# TASK INSTRUCTIONS
Please keep to the lines below from the one with "Spain Collar —" through the one with "Christmas Tree Lights", and restate them word for word, ends included.

# RECORDS TO PROCESS
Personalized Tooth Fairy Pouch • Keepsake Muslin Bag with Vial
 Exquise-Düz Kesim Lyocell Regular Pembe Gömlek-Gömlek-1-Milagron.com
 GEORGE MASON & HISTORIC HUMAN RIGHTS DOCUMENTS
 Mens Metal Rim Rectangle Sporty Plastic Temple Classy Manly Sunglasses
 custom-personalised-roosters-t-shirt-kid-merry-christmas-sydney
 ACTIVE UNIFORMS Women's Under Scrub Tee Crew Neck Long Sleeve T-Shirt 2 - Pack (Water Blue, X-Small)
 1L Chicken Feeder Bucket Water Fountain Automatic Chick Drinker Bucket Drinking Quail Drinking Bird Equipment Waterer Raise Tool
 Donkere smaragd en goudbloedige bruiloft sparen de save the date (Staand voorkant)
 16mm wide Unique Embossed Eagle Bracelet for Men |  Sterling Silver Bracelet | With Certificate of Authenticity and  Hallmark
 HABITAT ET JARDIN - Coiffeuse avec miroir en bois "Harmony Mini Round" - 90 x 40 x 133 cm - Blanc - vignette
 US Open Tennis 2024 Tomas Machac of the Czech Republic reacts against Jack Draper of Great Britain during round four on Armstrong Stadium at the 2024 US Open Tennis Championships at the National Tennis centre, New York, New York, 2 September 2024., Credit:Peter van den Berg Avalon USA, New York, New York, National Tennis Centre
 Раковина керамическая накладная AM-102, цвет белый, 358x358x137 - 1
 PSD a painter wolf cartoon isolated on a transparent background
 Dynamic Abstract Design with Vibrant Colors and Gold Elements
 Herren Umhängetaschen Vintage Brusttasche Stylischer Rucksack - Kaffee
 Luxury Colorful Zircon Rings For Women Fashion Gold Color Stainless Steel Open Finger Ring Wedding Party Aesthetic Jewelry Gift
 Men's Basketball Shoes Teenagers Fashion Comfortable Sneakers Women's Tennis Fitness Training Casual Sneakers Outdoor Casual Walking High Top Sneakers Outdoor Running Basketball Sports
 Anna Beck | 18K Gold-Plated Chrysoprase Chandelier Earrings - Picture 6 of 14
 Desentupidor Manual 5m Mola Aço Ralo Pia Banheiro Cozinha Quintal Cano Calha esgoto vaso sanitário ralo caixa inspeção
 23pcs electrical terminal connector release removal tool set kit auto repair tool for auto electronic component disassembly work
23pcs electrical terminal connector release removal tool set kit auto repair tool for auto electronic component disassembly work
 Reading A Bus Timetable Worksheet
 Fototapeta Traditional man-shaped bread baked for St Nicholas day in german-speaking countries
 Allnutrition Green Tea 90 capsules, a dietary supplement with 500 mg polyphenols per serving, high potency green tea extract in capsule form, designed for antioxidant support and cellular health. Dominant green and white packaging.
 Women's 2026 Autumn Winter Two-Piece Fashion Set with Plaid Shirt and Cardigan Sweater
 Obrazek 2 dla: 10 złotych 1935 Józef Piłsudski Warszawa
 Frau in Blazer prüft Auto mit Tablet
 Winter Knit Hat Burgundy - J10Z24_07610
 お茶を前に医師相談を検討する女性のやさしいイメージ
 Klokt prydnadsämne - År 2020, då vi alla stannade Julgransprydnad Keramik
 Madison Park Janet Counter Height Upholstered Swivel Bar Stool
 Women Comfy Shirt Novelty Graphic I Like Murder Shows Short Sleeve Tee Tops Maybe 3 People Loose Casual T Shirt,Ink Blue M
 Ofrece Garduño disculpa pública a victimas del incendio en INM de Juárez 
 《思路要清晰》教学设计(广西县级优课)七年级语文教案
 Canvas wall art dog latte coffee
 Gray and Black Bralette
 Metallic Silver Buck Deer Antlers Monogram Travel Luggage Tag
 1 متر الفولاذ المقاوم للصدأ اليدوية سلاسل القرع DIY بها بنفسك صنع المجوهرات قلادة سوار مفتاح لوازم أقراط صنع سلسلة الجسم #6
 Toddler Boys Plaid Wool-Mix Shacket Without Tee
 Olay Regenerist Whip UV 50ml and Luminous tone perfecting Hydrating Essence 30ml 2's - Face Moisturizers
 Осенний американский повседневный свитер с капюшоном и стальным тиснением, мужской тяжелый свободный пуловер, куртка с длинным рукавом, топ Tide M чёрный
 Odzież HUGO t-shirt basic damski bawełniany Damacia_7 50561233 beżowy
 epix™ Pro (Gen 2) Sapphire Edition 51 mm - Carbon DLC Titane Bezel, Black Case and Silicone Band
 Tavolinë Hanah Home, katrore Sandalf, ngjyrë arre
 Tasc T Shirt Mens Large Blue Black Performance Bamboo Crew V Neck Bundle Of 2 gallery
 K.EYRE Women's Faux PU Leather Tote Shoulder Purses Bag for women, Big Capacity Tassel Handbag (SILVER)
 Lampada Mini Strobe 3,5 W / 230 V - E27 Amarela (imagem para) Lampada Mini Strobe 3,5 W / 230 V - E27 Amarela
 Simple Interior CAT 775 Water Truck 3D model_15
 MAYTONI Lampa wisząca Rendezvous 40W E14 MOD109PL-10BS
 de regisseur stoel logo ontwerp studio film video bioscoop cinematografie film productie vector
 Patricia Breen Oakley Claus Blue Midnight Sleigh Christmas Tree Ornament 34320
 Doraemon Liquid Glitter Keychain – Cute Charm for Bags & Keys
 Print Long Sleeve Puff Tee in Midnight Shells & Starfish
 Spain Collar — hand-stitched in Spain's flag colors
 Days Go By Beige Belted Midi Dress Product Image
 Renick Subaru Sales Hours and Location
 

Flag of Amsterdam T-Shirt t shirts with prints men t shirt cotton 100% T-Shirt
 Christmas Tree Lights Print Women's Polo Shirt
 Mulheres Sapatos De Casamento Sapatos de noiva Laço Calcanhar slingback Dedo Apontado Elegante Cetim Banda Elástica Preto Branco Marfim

# ANSWER SECTION
 Spain Collar — hand-stitched in Spain's flag colors
 Days Go By Beige Belted Midi Dress Product Image
 Renick Subaru Sales Hours and Location
 

Flag of Amsterdam T-Shirt t shirts with prints men t shirt cotton 100% T-Shirt
 Christmas Tree Lights Print Women's Polo Shirt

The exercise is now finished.